Records contained in a dataset:
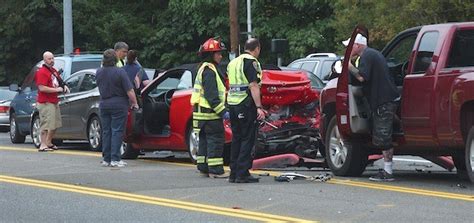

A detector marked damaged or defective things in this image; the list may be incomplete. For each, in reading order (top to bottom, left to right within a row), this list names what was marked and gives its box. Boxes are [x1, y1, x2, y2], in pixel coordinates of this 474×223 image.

damaged vehicle [122, 63, 324, 163]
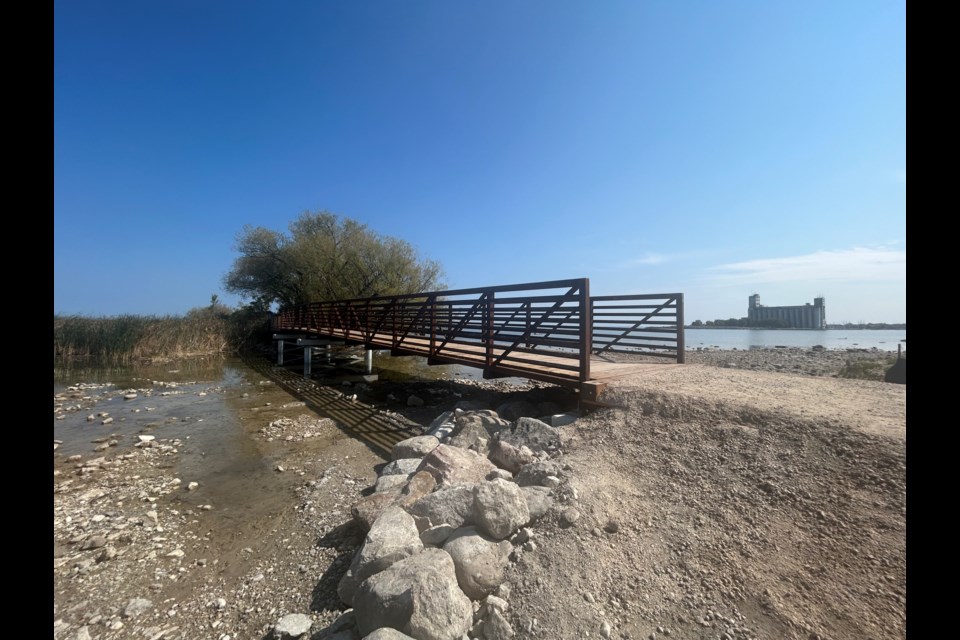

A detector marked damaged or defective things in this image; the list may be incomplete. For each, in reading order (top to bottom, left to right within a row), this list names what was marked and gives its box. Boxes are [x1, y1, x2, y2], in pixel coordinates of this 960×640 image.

rusty brown steel frame [270, 278, 688, 384]
rusty brown steel frame [592, 292, 684, 362]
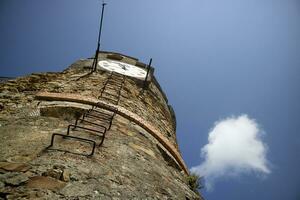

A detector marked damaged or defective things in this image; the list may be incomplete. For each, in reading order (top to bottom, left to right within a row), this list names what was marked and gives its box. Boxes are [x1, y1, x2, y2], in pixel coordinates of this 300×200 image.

rusted metal ladder [46, 72, 125, 156]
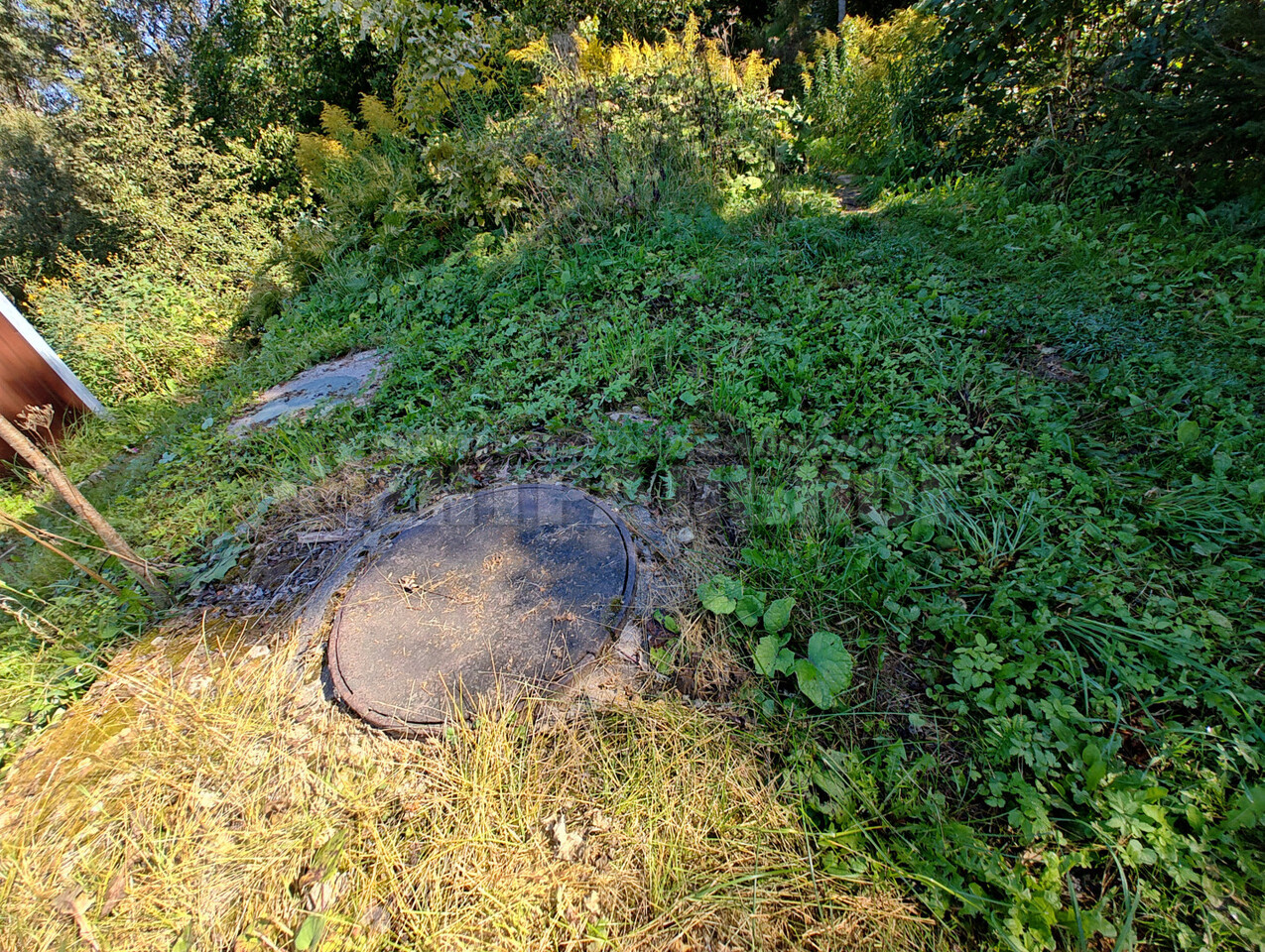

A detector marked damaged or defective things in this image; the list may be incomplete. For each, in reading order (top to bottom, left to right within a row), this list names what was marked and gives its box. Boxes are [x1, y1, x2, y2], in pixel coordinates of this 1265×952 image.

rusty metal manhole lid [331, 485, 637, 733]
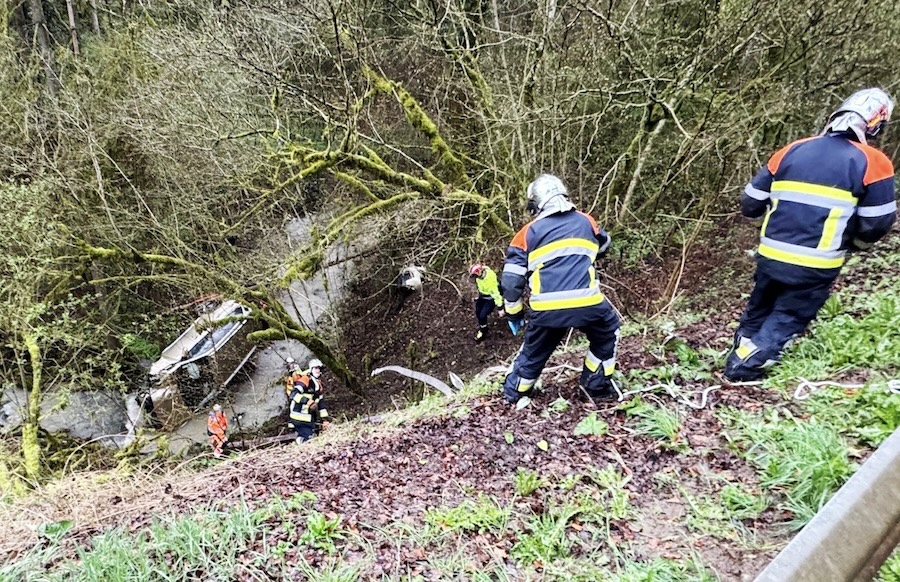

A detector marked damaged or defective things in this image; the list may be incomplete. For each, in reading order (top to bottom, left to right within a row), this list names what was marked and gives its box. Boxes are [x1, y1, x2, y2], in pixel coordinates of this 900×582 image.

crashed car [143, 302, 256, 428]
overturned car [142, 302, 258, 428]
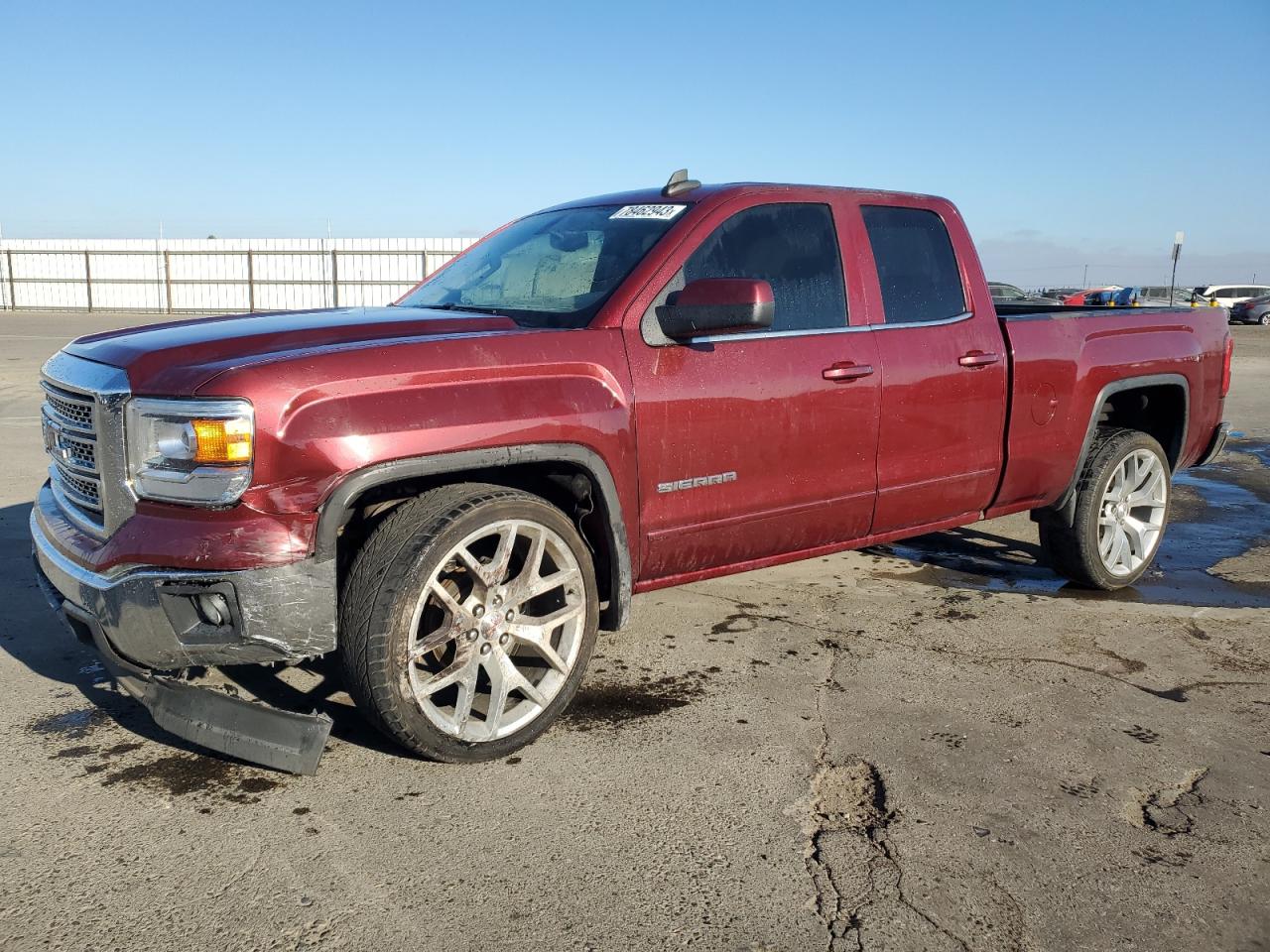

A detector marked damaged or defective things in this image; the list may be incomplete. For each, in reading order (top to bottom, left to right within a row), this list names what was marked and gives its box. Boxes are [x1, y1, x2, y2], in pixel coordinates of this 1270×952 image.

damaged front bumper [31, 506, 335, 774]
cracked asphalt [0, 313, 1262, 952]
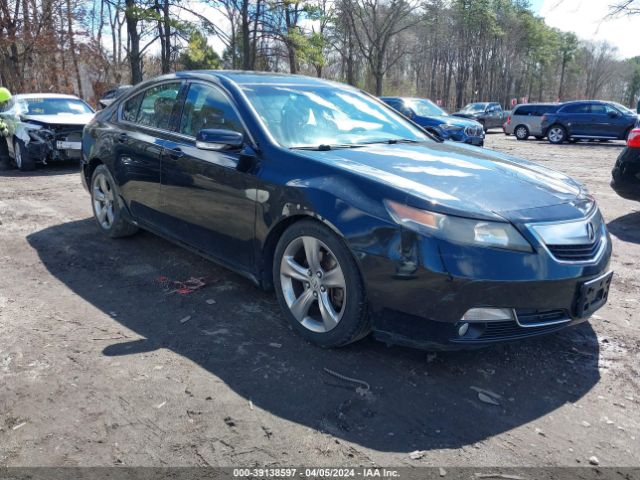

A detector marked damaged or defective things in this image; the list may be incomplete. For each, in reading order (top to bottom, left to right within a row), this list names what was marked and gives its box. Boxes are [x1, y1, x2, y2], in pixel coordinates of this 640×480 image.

damaged vehicle [0, 94, 94, 171]
damaged vehicle [82, 72, 612, 348]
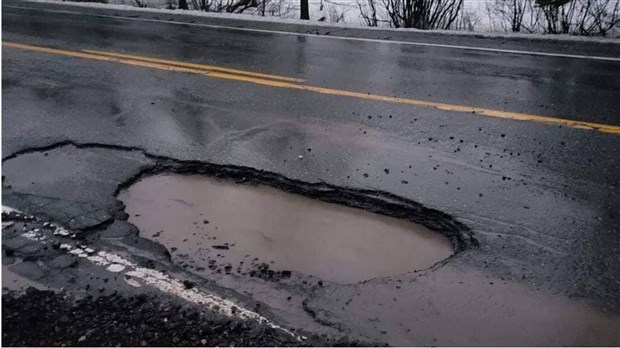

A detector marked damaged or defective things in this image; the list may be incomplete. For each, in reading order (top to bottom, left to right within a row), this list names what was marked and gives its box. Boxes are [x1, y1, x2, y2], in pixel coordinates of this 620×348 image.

large pothole [118, 175, 452, 284]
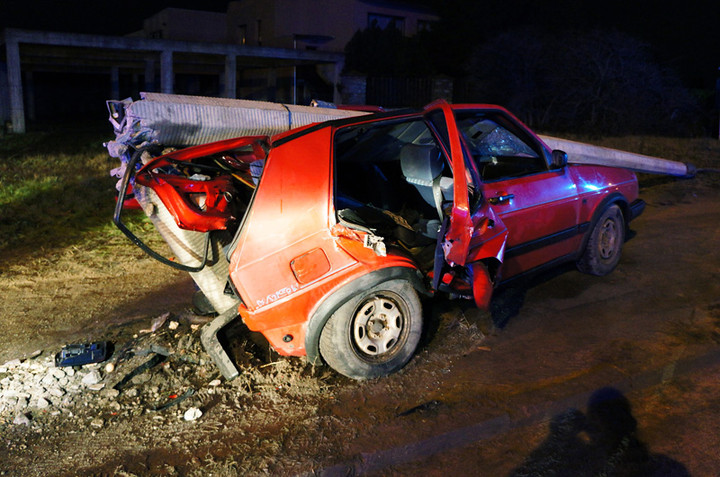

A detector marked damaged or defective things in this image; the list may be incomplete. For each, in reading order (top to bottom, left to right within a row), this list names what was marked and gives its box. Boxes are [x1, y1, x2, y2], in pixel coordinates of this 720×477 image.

crashed red car [115, 101, 644, 380]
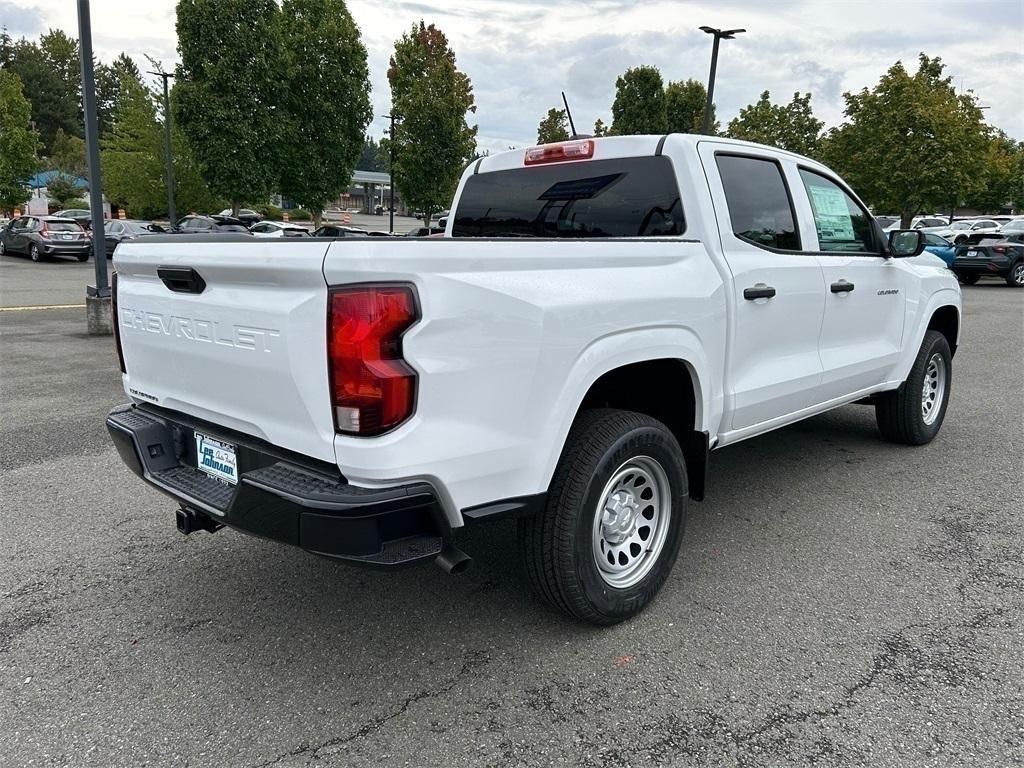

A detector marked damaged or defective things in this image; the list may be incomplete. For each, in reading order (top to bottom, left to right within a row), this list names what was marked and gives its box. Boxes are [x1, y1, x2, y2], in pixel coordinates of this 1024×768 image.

**What to produce:**
Set down exactly, from the line that contains "this 1270×952 image." through the last line of the data, each line as it stands, and leave the pictures out.

**Written answer:**
A detector marked damaged or defective things in this image; the list may be incomplete. For each, in reading order (top to bottom, left to right within a row), this list names what was marked and gives its box. Boxes are [x1, y1, x2, y2], in pixel coordinates of this 1270×952 image.

damaged front bumper [31, 506, 335, 774]
cracked asphalt [0, 313, 1262, 952]

A detector marked damaged or defective things in this image; the list may be incomplete. For each, in reading order (top to bottom, left to right within a row), this list names what was marked and gives its box. Boxes are [x1, y1, x2, y2], in pixel coordinates of this 640×480 image.

damaged vehicle [0, 94, 94, 171]
damaged vehicle [82, 72, 612, 348]

A detector marked damaged or defective things in this image; the list may be incomplete. For each, in reading order (top to bottom, left to right within a row), this list names what was marked and gives its box. Boxes are [x1, y1, x2, y2], in pixel coordinates of this 620×348 image.

large pothole [118, 175, 452, 284]

A detector marked damaged or defective things in this image; the list may be incomplete. For each, in reading order (top to bottom, left to right within a row), this list names what was marked and gives its box. Boxes are [x1, y1, x2, y2], in pixel coordinates of this 720×477 image.

crashed red car [115, 101, 644, 380]

A detector marked damaged or defective things in this image; the list may be incomplete. For each, in reading order (top to bottom, left to right within a row), this list names what was marked and gives its box. Boxes are [x1, y1, x2, y2], in pixel coordinates of this 1024×768 image.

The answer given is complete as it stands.